- MongoDB Databases held for Ransomware
A hacker going by the handle Harak1r1 is accessing, copying and deleting unpatched or badly-configured MongoDB databases and then threatening administrators to ransom in exchange of the lost data. According to recent statistics compiled by Merrigan, the number of compromised systems has reached more than double to 27,000, over the course of about 12 hours. Using misconfigured MongoDB databases are the reason for this sudden spurt in these attacks.

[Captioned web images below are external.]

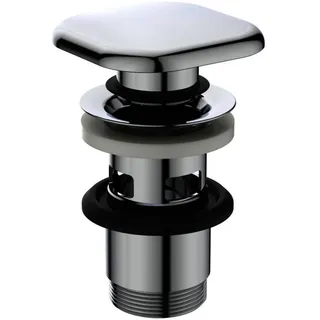 Ideal Standard Push open Ventil quadratisch f. HWB, 120x750x75mm, Chrom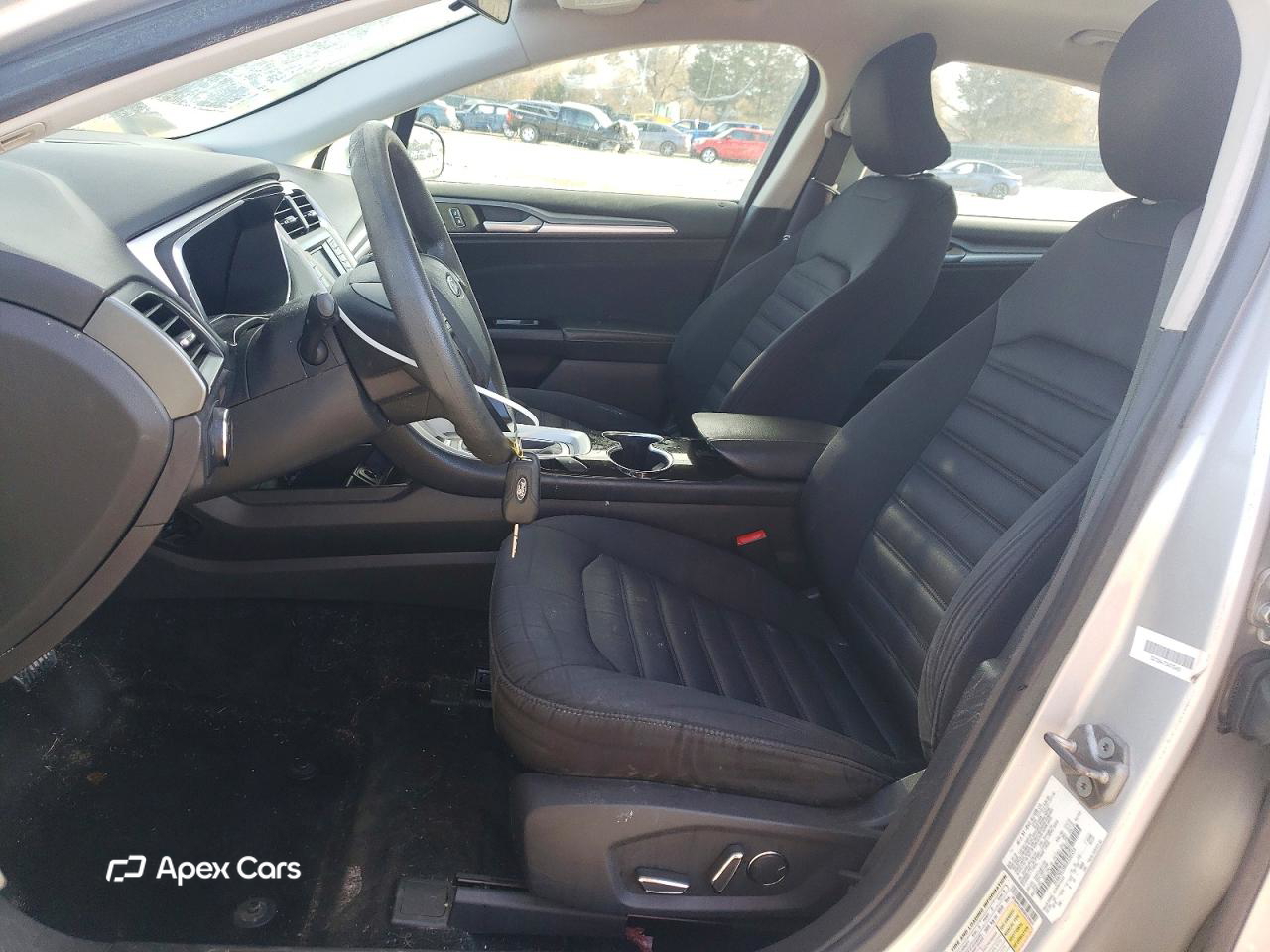 Ford Fusion 2016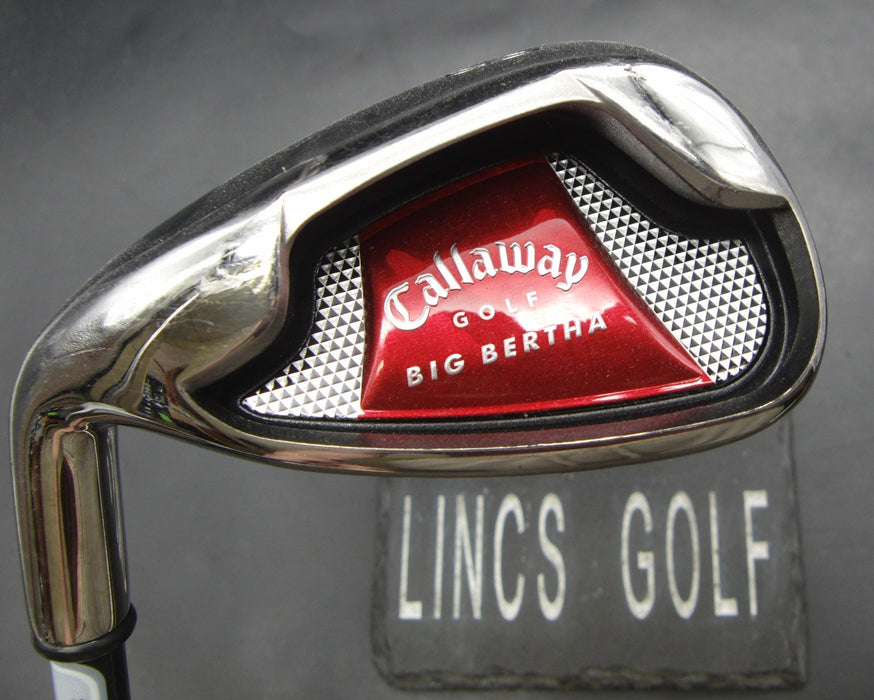 Left-Handed Callaway Big Bertha 2008 8 Iron Stiff Graphite Shaft Callaway Grip
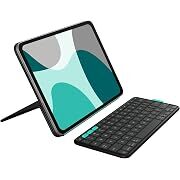 Logitech 11" Lightweight Flip Folio Keyboard Case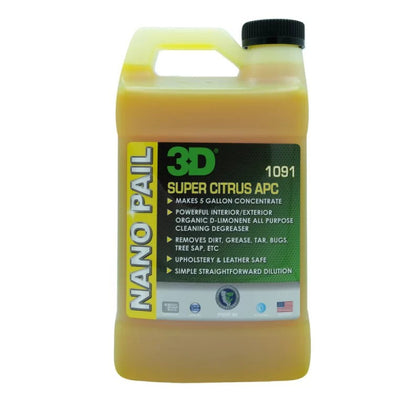 General Cleaning Solution 3D Super Citrus APC, 3.78L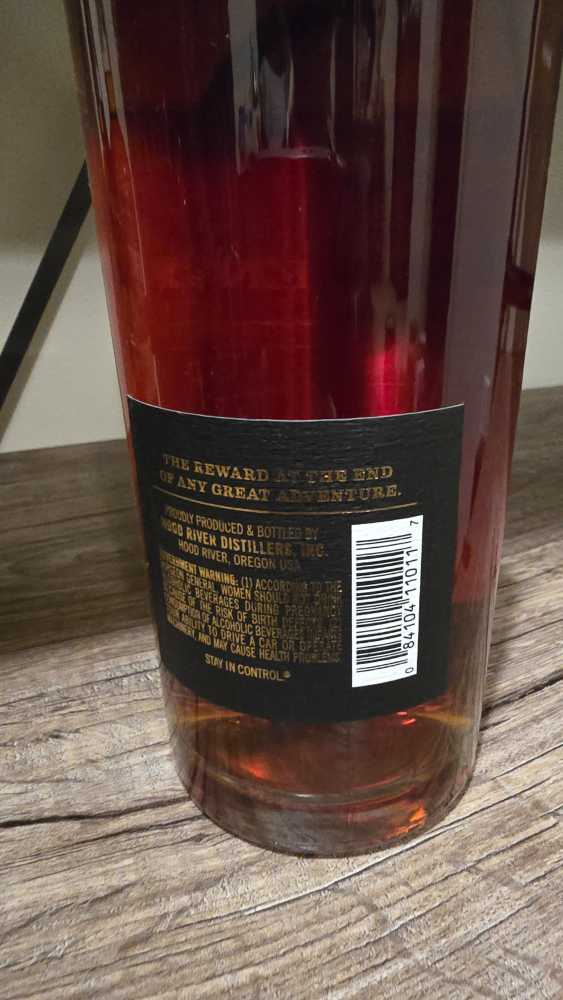 Trail’s End 10 Year Kentucky Straight Special Reserve Old Bourbon - Hood River Distillers, OR (750 mL) alcohol collectible [Barcode 084104110117] - Main Image 3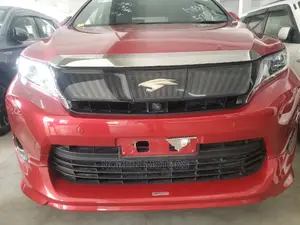 Toyota Harrier 2.0 4WD 2015 Red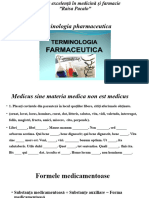 Terminologia Farmaceutica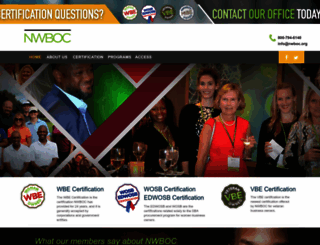 nwboc.org screenshot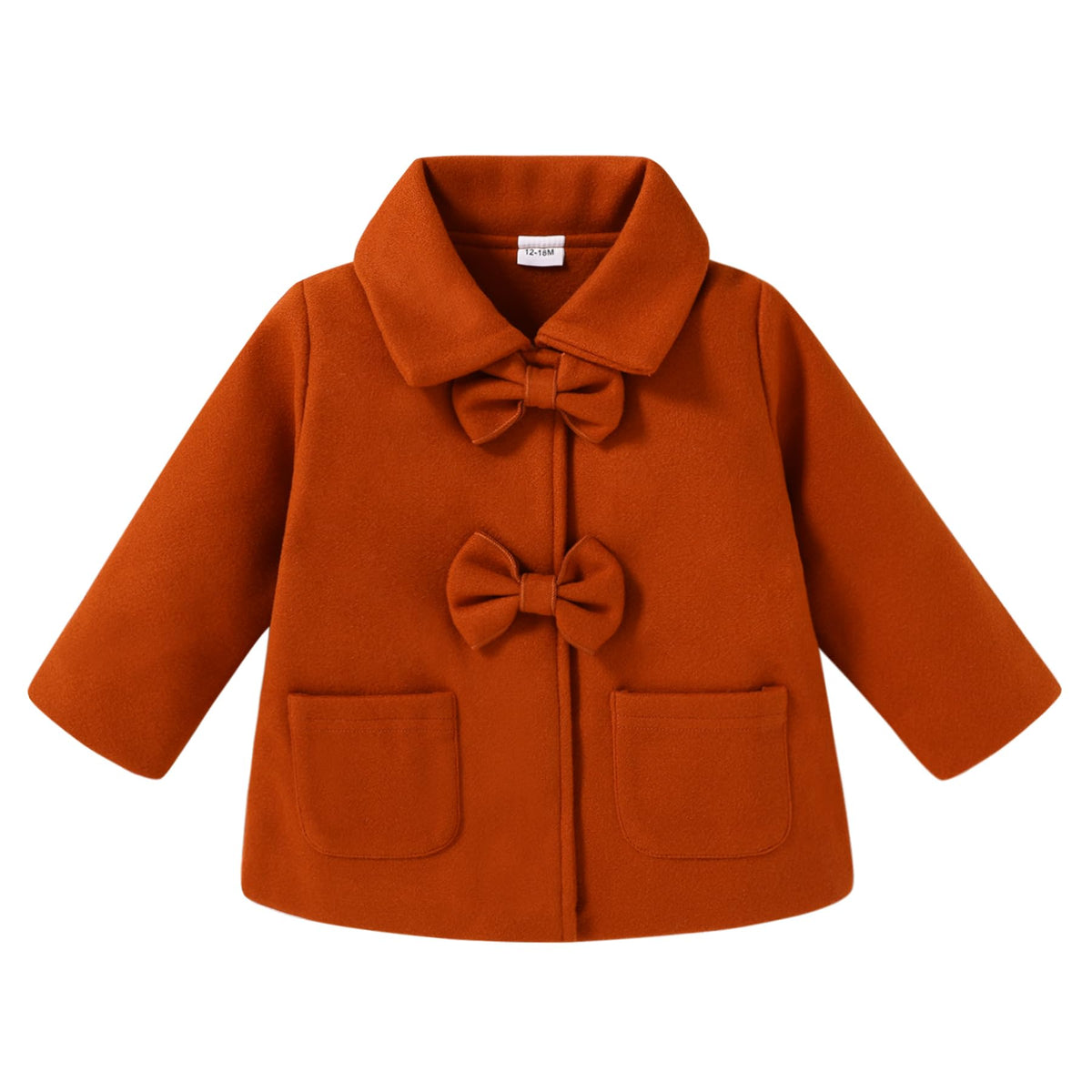 Baby Coats Fall Winter Kid Baby Girl Cloak Button Jacket Clothes Baby Outwear Clothes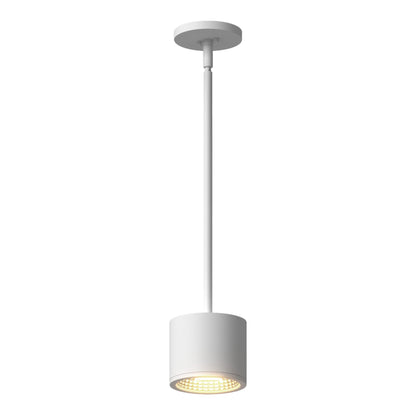 Nordic Outdoor LED Pendant Light in White (4-Inch/5-Inch).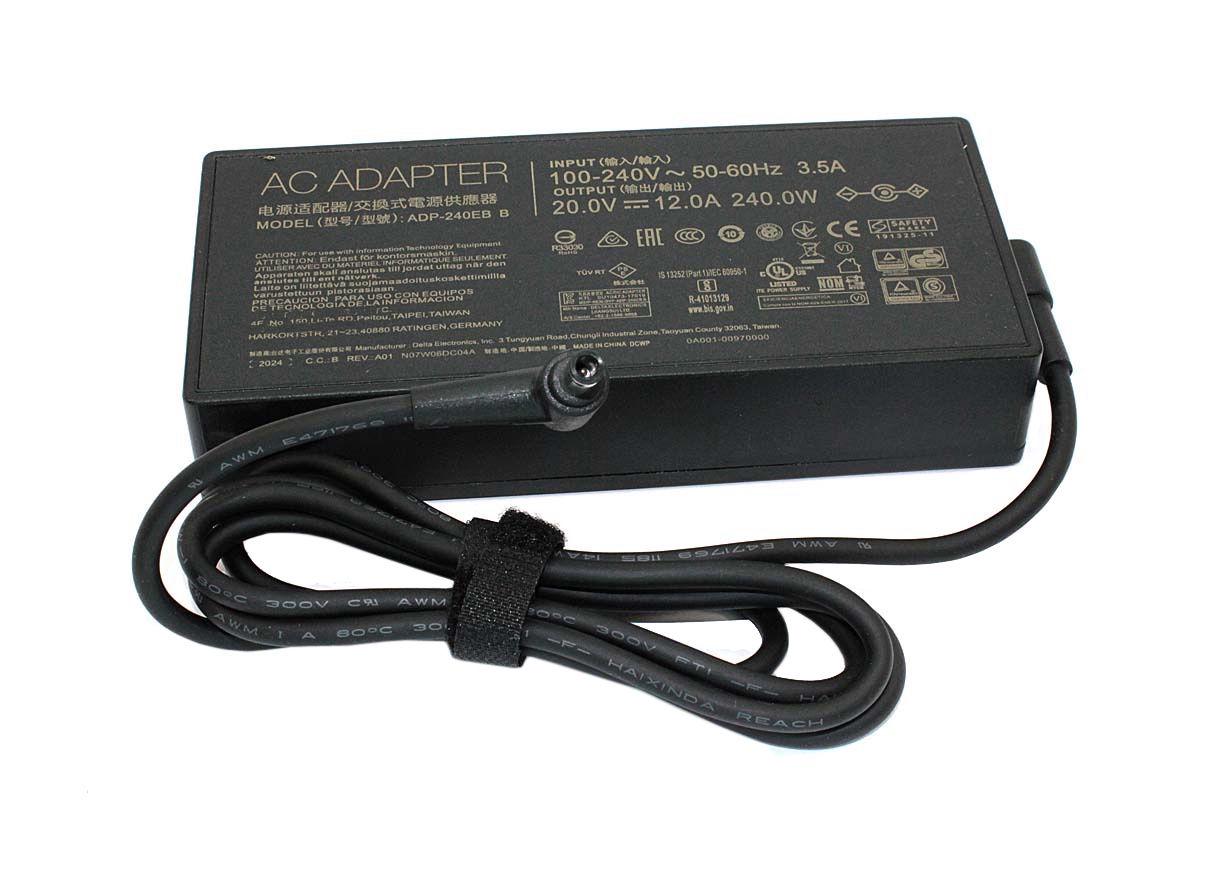 Блок питания для ноутбука Asus TUF Gaming FX86F 240W 20V 12A 6,0х3,7 мм (colis103107)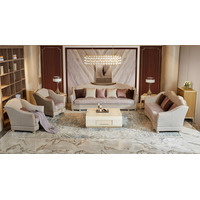 SOFA SET 1124 SFAM-FL816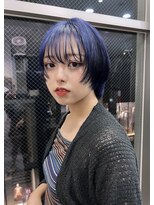 リッチ(RITZY)&nbsp;【RITZY】Deep Blue × short hair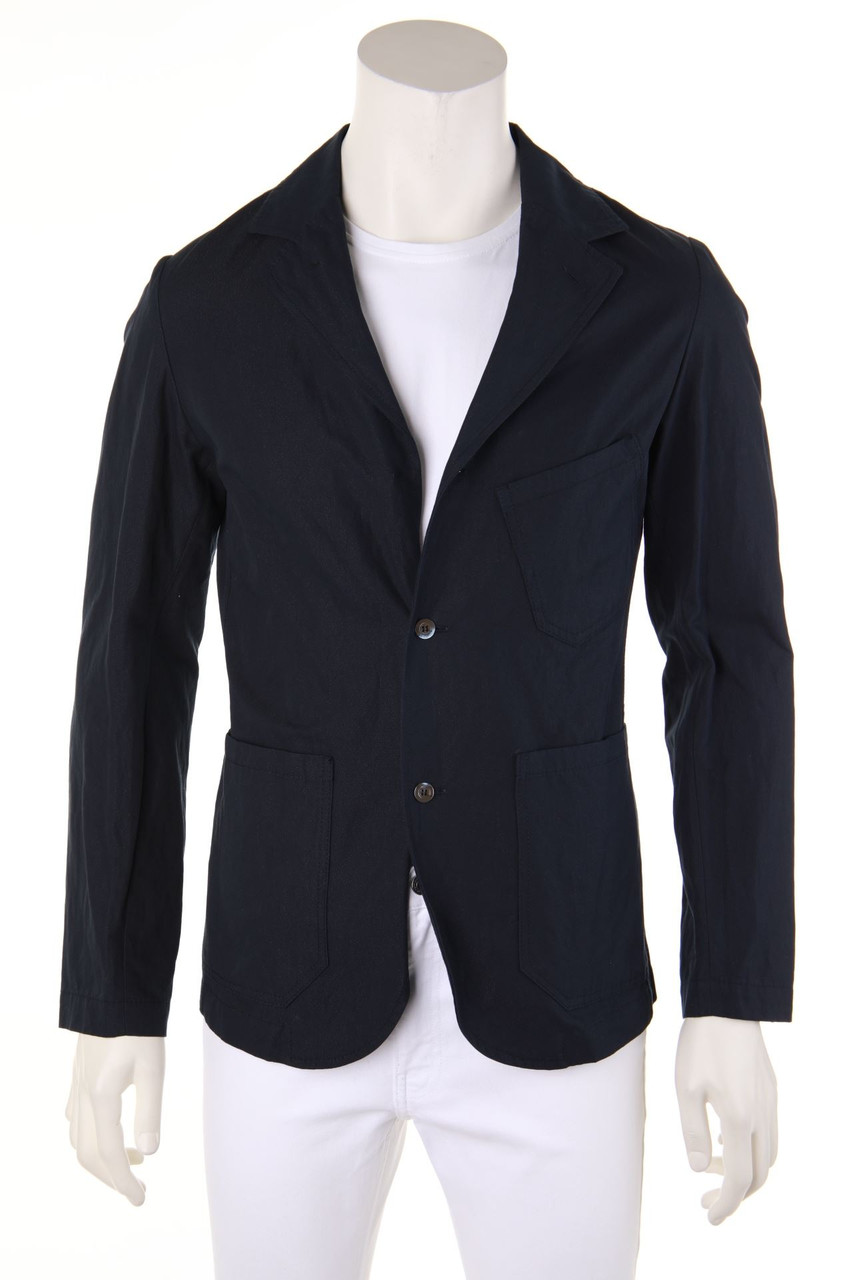 collection PRIVÉE - Baumwoll-Sakko mit aufgesetzten Taschen - 44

Cyber Security Tips: Enable authentication that provides you ‘Defense in depth’ if your network is compromised. Use firewalls. Administrators are strongly recommended to update MongoDB software to the latest release.
- New Ransomware Campaign Targets Only HR Departments
A recent ransomware campaign is targeting corporate Human Resources (HR) departments. The attack first starts with the emails that are designed to mimic the job applications, these contain a brief message from the alleged applicant, and also two attachments which are there to lead to the ransomware. According to the Check Point researchers, this campaign targets HR departments because the people who work in the HR department cannot avoid opening the emails and attachments they received from strangers. The malware campaigning here we are talking is distributing the GoldenEye ransomware family, which is a child of Petya and Mischa, a malware duo emerged back in the spring of 2016.
Cyber Security Tips: Don’t open emails from stranger, and if you have to open it because of any reason then avoid opening any attachments which are there.